# keyboard problem

## phil

Hi, I have installed gentoo with stage1 whithout problems but at boot my PS/2 keyboard isn't detected. It print this message:

keyboard timeout - AT keyboard not present?

and boot correctly but I can't login without keyboard. What can I do to correct this ?

----------

## jani

I get the same sort of problem.  I have a ps/2 keyboard, which works fine during the install from 1.1a stage 1 iso, works fine in the grub boot menu, all of the booting seems to work, the login prompt comes up, but the keyboard doesn't work.

----------

## Aaron

I've had a similar problem w/ FreeBSD and a kvm switch box.
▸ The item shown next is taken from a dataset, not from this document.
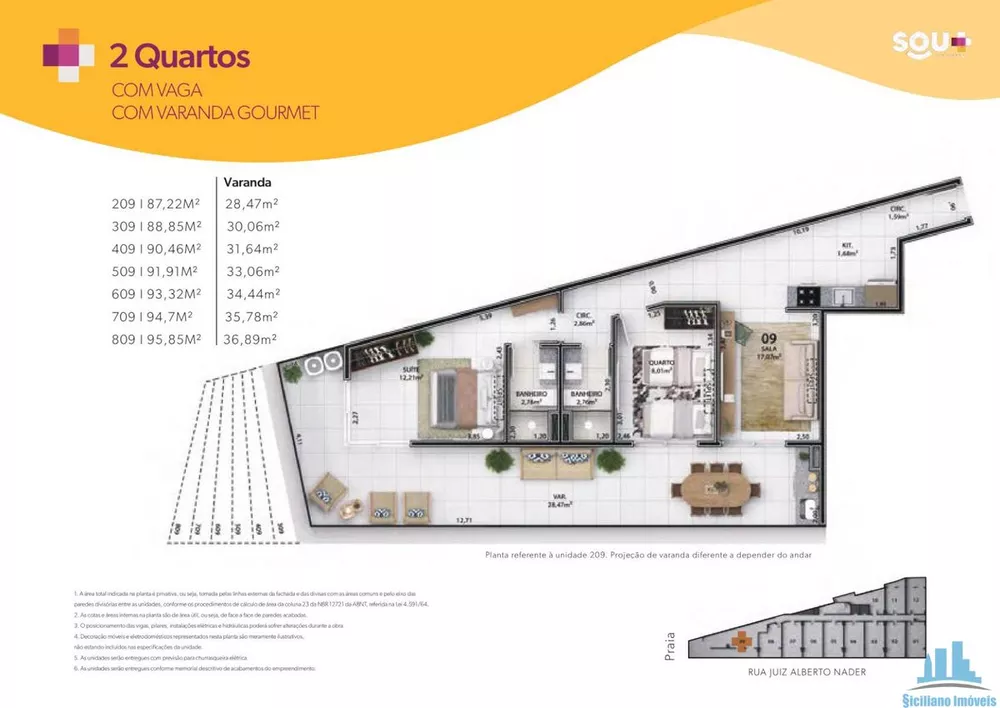 Apartamento, 2 quartos, 95 m² - Foto 36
Try setting up the kbd in the kernel

http://marc.theaimsgroup.com/?l=linux-kernel&m=101751890301820&w=2

----------

## philippe.cherel@mayenne.o

hi, I think it's a problem with 2.4.19, i have tryed the 2.4.18 and the keyboard works fine

----------

## jani

does this mean it's a bug in the kernel config files?  I've used make menuconfig and make config, and they both generate kernels which do not work with a ps2 keyboard.  what's the solution?  to hand edit the config file after a make menuconfig?  which options do I specifically need?

New info: following the hint in this thread, I compiled a 2.4.18 kernel, and the keyboard works fine. it seems 2.4.19 is broken.

----------